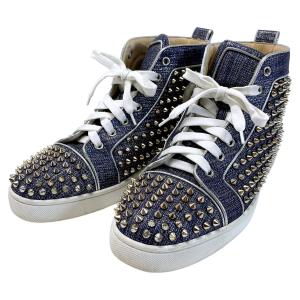 Christian Louboutin クリスチャンルブタン スタッズ デニム ブルー×シルバー ハイカットスニーカー SIZE41（26cm相当） 箱有 傷や汚れあり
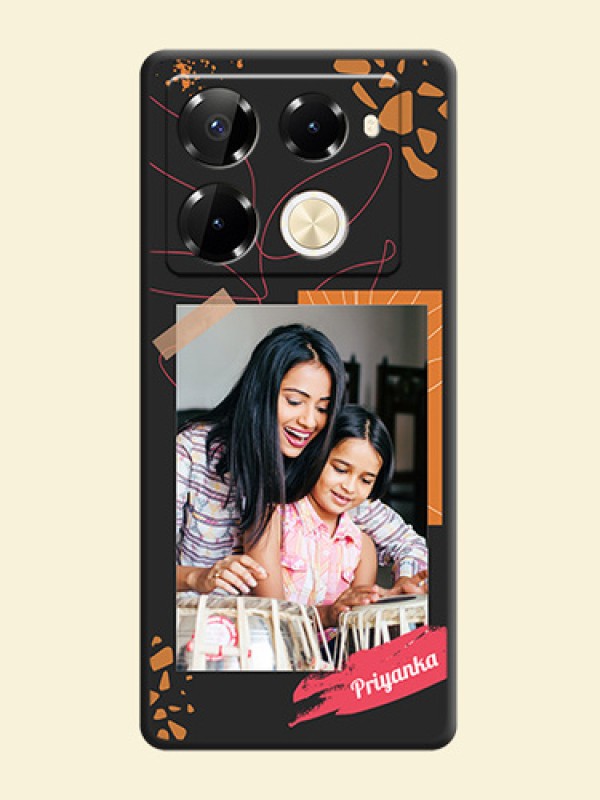 Orange Photo Frame On Space Black Custom Soft Matte Mobile Back Cover - Infinix Note 40 Pro 5G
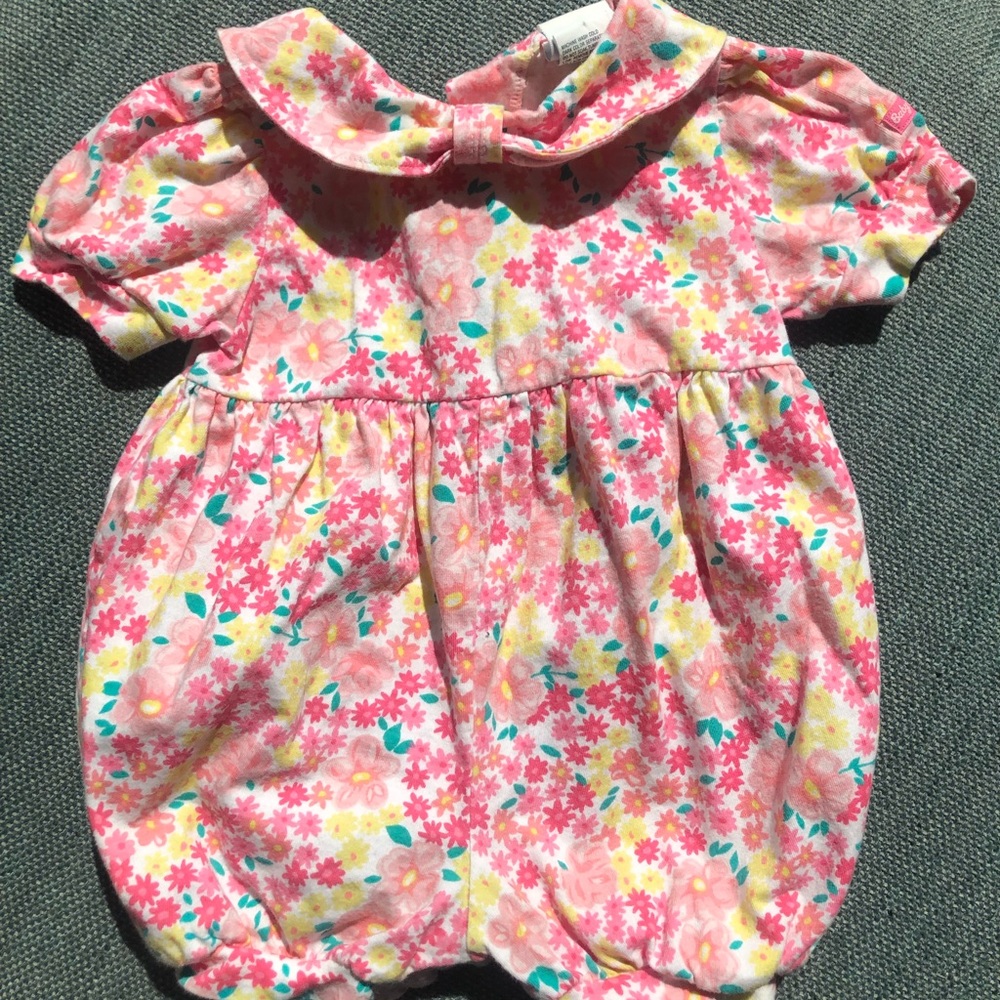 Oshkosh vintage pink floral cute romper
++++
◆ EXERCISE INSTRUCTIONS
All of the material must be given again exactly, though no picture may appear in the copy.

◆ COMPLETED TASK
 Christian Louboutin クリスチャンルブタン スタッズ デニム ブルー×シルバー ハイカットスニーカー SIZE41（26cm相当） 箱有 傷や汚れあり
 Orange Photo Frame On Space Black Custom Soft Matte Mobile Back Cover - Infinix Note 40 Pro 5G
 Oshkosh vintage pink floral cute romper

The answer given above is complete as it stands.